_DESCRIPTION OF THE TASK_. Retype each line below precisely and omit all images.

_EXERCISE DATA_.
####

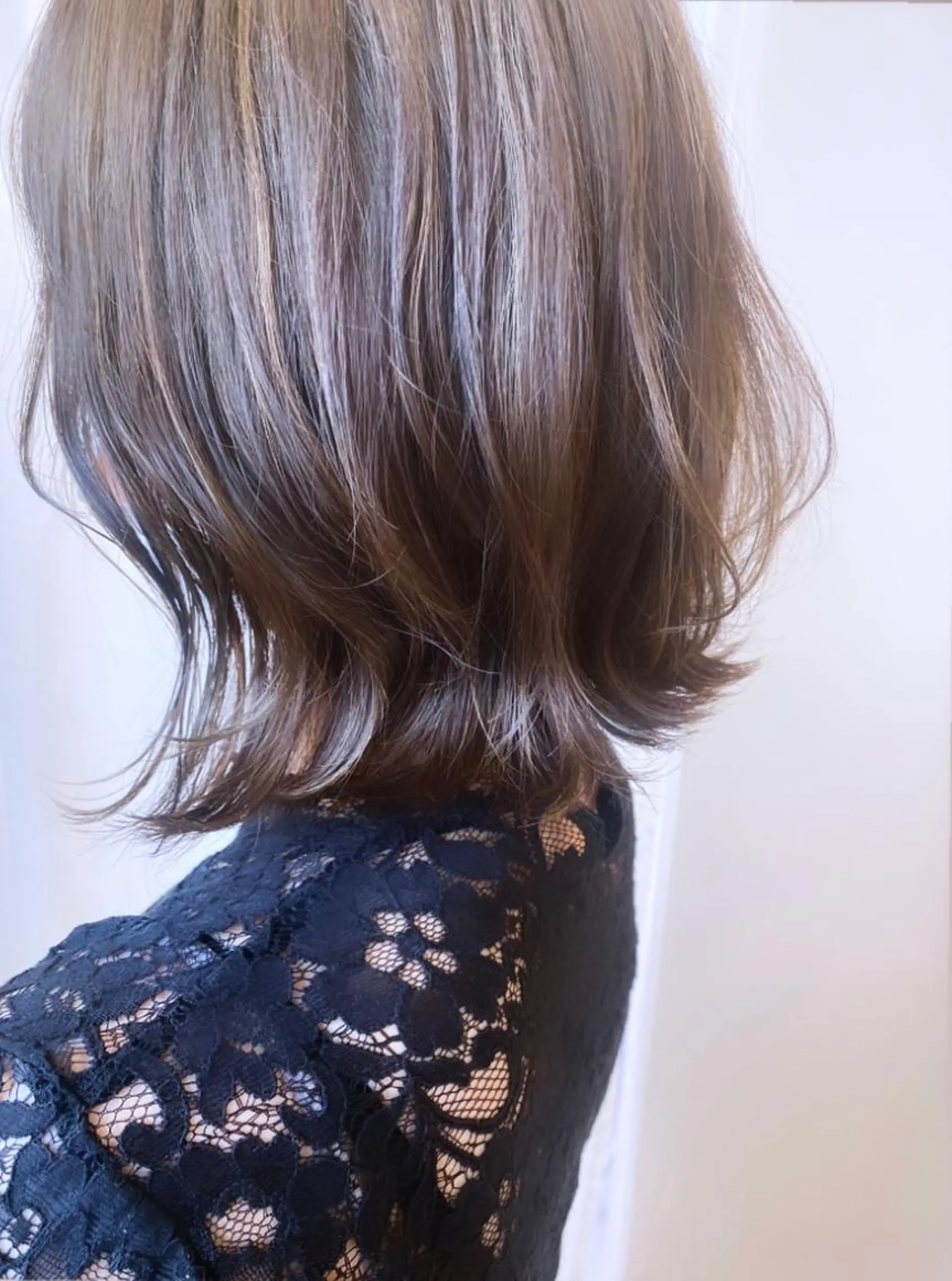 ミディアム ハイライト ヘアカラー 河田 海陽のヘアスタイル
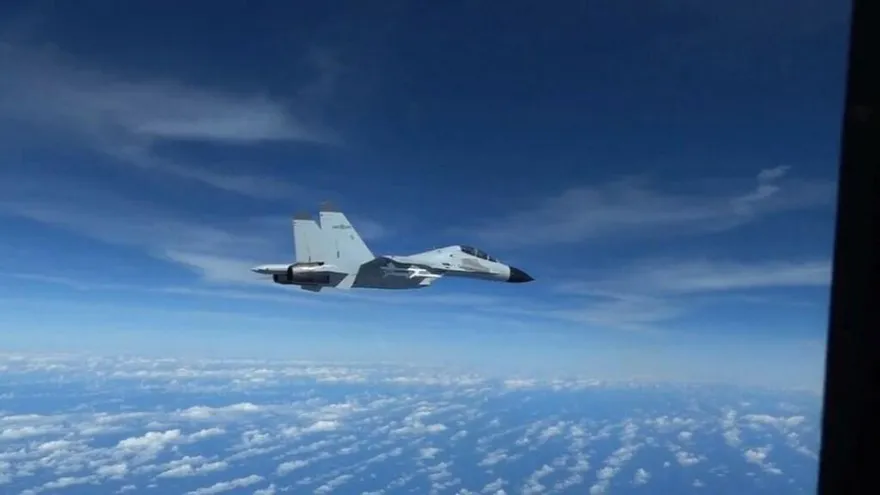 加拿大軍用直升機遭殲11攔截　陸國防部回嗆：惡意挑釁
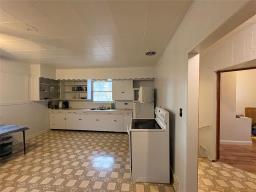 2pc Bathroom - 39 5th Avenue Se, Dauphin, MB R7N2B6 Photo 10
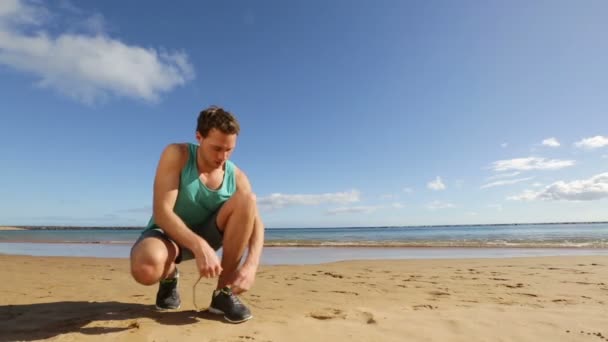Людина, пов'язуючи шнурків — стокове відео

####

_ANSWER_.
 ミディアム ハイライト ヘアカラー 河田 海陽のヘアスタイル
 加拿大軍用直升機遭殲11攔截　陸國防部回嗆：惡意挑釁
 2pc Bathroom - 39 5th Avenue Se, Dauphin, MB R7N2B6 Photo 10
Людина, пов'язуючи шнурків — стокове відео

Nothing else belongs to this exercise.